Easington MP Grahame Morris has condemned the latest child poverty figures, that has shown a big increase in the North East.

Mr Morris highlighted local figures for the Easington constituency showing that one in four children live in poverty, with half residing in working households.

Grahame Morris MP, commenting on the figures, said:

“Child poverty is a blight on our society. It is the denial of life opportunities, which entrenches disadvantage and widens inequality. We should be outraged that people working day in, day out, cannot earn enough to lift their family out of poverty.

Child poverty is a political choice. Unless the government change course, they will repeat the same failed policies of the last decade. These figures are shameful, and the government must set out a clear strategy to reduce and eradicate child poverty.”


Even before the devastating impact of Covid-19 on household incomes, almost a quarter of children (23%) in the North East were living in poverty – and the region has seen the most dramatic rise in the proportion of children below the breadline.

The End Child Poverty coalition with Loughborough University has published an analysis of new data from the government that tracks four years of child poverty across Britain before housing costs are taken into account (2014/15-2018/19). The report highlights those parts of the country where children are most likely to have been swept into poverty since 2014.

The North East of England has seen the starkest increase in the country with numbers rising by 6.5 percentage points over the past four years alone, leaving families in the region ill equipped to cope with the impact of the pandemic

The worst hit area in the region is Middlesbrough where over a third (36%) of children are living in poverty, before housing costs are taken into account.
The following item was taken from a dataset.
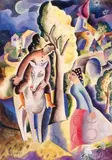 Scène de village by Béla Kádár, Aquarelle gouachée, sold Nov 2011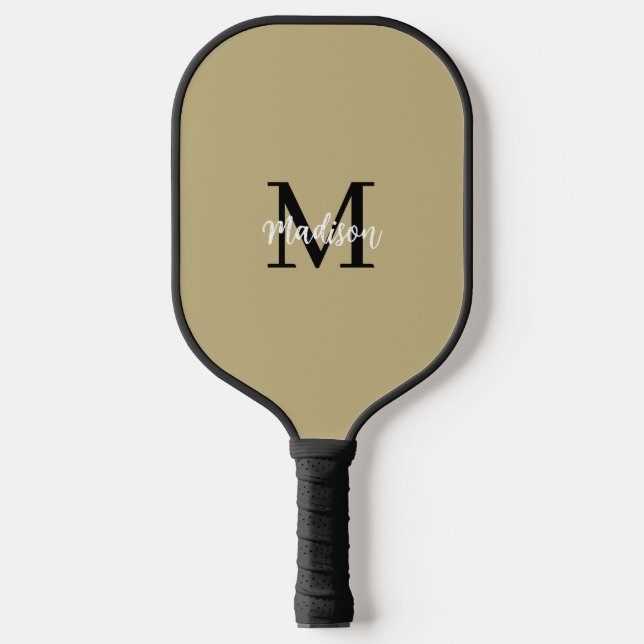 Monogram Modern Black Tan Sand Pickleball Paddle (Front)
That’s closely followed by Newcastle (28%), South Tyneside (26%), Hartlepool (26%) and Gateshead (21%).

The End Child Poverty coalition is calling on the Government to take seriously the four year rise in child poverty – predominantly in working families – and to commit to an ambitious and comprehensive strategy to end child poverty in the UK as it plans the nation’s recovery from Coronavirus, which campaigners fear will only have deepened child poverty and drawn more families below the poverty line.

Recent ONS analysis, carried out 17-27 April 2020, shows just under 1 in 4 adults (23%) said the coronavirus was affecting their household finances. The most common impact in this group was reduced income (70%), and nearly half saying they had needed to use savings or borrow to cover living costs.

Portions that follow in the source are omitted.